One of Norway’s biggest newspapers, Aftenposten, have been running a debate on prostitution lately, sparked by Danish former prostitute Tanja Rahm’s post on her own personal blog. In her letter, she bashes every costumer she ever encountered, while vividly recalling her days on the street, selling her body to make ends meet for herself.
The debate resurfaces every now and then, but is particularly interesting in Norway after the right-wing coaliton came to power in 2013. As of 2009 it is prohibited to buy sex, but selling it is legal. The newly elected right-wing coaltion want it to once again be legal to buy sex in Norway, and their renewed power makes a repeal imminent.
A bunch of ethical questions comes with this debate. Ask a Norwegian liberal for his stand on this delicate matter, and you would most likely get an answer such as ’as long as two adults have made an agreement, I dont necessarliy see anything wrong with it’. While this would not apply to all right-wing voters in Norway, it is not too far-fetched to assume they hold a similar view.
On the other hand, the left-wing stance is that buying or selling sex is morally wrong. A Christian, for instance, backed by Norwegian christian party KRF, would tell you that sex belongs within the boundaries of marriage, and can not be legitimized through simple agreements between two adults. Sex is sacred and connected to human dignity. Selling one’s body in return for money would ’reduce humans to a machine’, as Tanja Rahm put it in her blog.

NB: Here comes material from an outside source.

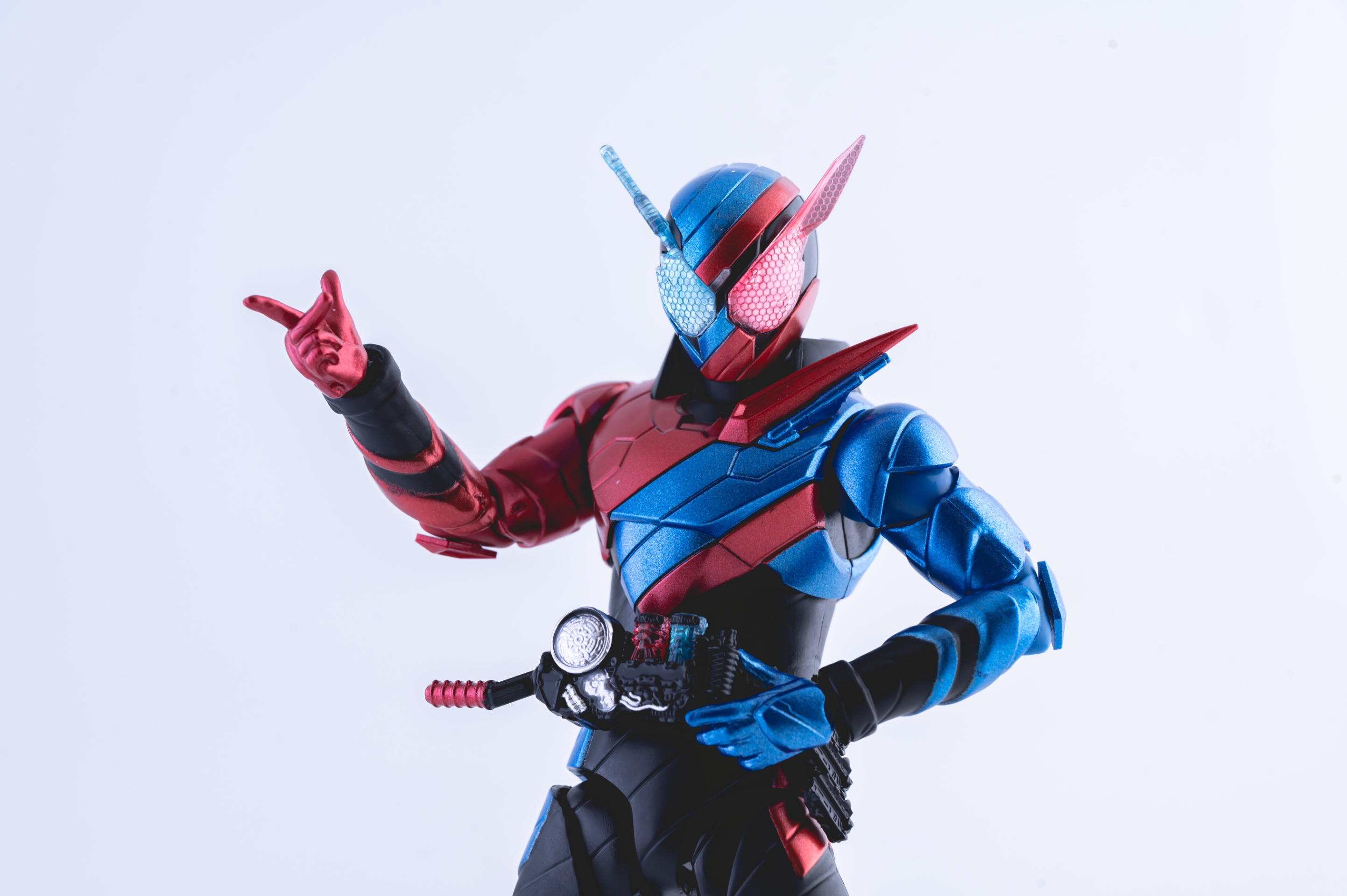 レビュー】S.H.Figuarts 仮面ライダービルド ラビットタンクフォーム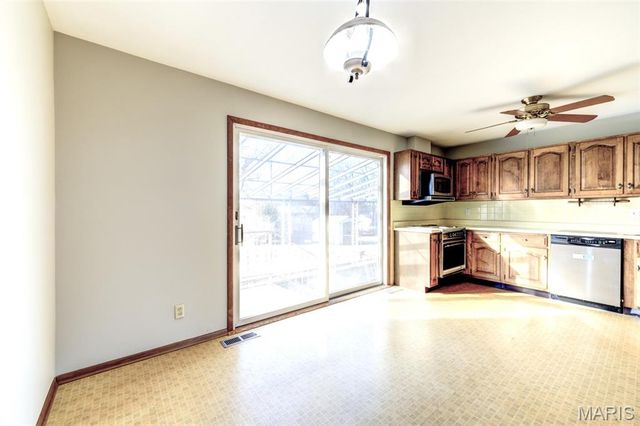 11954 Glenoak Drive, Maryland Heights, MO 63043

Many factors need to be considered and taken into account before making a decision, which I am sure Norwegian politicians are aware of. With that said, I don’t think the law should be based on morale, but on what actually works in practice.
The key questions to ask is if the prohibition of buying sex is actually bettering the working condition of prosititutes. I believe a debate about HIV being spread, protection against violence and ways of bettering the working conditions of women or men selling their bodies would be healthier rather than a morale debate undermining whoever buys sex.
I am not in any way, shape or form trying to champion prostitution itself, but as long as the framework conditions are safe and the person, either man or woman, are selling their body willingly, I don’t have an ethical fundamental problem with it.